The Mayan Codex
Page 20
‘What does that mean?’ Lamia was leaning towards him from the back of the car. ‘I don’t understand that joke. How can a woman use her armpits for camouflage? And anyway, we don’t have female snipers in the French army. Women are not allowed to engage in combat.’
‘It’s a joke. It’s not meant to be taken seriously. Like the movies, jokes rely on a willing suspension of disbelief.’
Calque turned towards Lamia. ‘Sabir is trying to tell us that the Yankees think French women never shave their armpits.’
Lamia’s mouth dropped open in horror. ‘Where did you see this, Adam? Where did you see French women not shaving themselves?’
Sabir was tempted to say ‘Oh boy’, but didn’t. ‘It’s not me who’s saying this, Lamia. It’s the joke. It’s an archetype. Yanks during the war simply found that French women didn’t shave.’
‘How could one shave during the war? There were no razors.’
‘Good point. Great point. That answers it then.’

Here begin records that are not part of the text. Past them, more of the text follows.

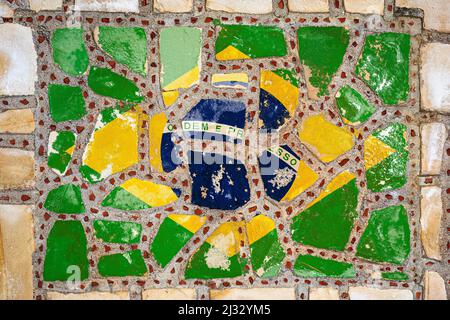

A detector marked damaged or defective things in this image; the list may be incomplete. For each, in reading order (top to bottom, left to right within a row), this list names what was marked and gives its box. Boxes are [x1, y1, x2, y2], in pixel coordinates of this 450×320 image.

broken tile piece [0, 109, 34, 134]
broken tile piece [0, 148, 34, 190]
broken tile piece [0, 24, 37, 95]
broken tile piece [47, 130, 76, 175]
broken tile piece [44, 184, 86, 214]
broken tile piece [44, 221, 89, 282]
broken tile piece [48, 84, 86, 123]
broken tile piece [51, 27, 89, 76]
broken tile piece [81, 107, 140, 184]
broken tile piece [87, 66, 143, 102]
broken tile piece [94, 221, 143, 244]
broken tile piece [95, 26, 148, 75]
broken tile piece [97, 249, 147, 276]
broken tile piece [102, 179, 179, 211]
broken tile piece [151, 215, 207, 268]
broken tile piece [185, 221, 248, 278]
broken tile piece [188, 152, 250, 210]
broken tile piece [215, 23, 286, 60]
broken tile piece [246, 216, 284, 278]
broken tile piece [260, 69, 298, 130]
broken tile piece [258, 146, 318, 202]
broken tile piece [300, 27, 350, 99]
broken tile piece [292, 171, 358, 251]
broken tile piece [296, 255, 356, 278]
broken tile piece [298, 114, 356, 162]
broken tile piece [334, 85, 376, 126]
broken tile piece [356, 205, 410, 264]
broken tile piece [356, 32, 412, 105]
broken tile piece [364, 122, 410, 192]
broken tile piece [422, 186, 442, 262]
broken tile piece [422, 124, 446, 175]
broken tile piece [422, 42, 450, 113]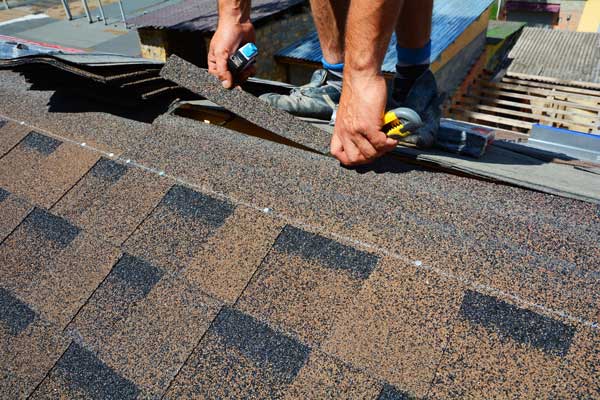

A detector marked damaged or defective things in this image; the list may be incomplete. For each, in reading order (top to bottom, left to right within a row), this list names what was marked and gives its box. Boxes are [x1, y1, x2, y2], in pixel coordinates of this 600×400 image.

‘But that is unfair. How can you blame French women for what happened during the war, when there were shortages, and when it was impossible to shave themselves?’
‘Jesus Christ, people. We’re meant to be having fun here. Cracking a few jokes. Having a laugh.’
‘But you are not being serious, Sabir. For a joke to be funny, it should be based on truth.’
Sabir grabbed the collar of his shirt and pulled it over his head like a cowl. ‘If the Corpus comes to get us, don’t bother to call me. I’m fine just as I am.’
32
‘Are you still behind them?’
‘Yes, Madame.’
‘Do you know where they are going?’
‘I think it is to Mexico, Madame.’
‘How do you work that out?’
‘We are near to Houston, in Texas. Draw a straight line between Stockbridge and Houston and it leads you to Mexico. To the Brownsville–Matamoros border crossing in particular. I believe that that is where they are going to enter. If you ask my opinion, I think the eruption of the Mexican volcano triggered this decision of Sabir’s.’
‘I think you are right. But that doesn’t take us much further, does it? Thanks to your failure to force information out of Sabir when you were offered the chance, we have no idea what they are doing, nor why they are doing it. Have you had any trouble along the way?’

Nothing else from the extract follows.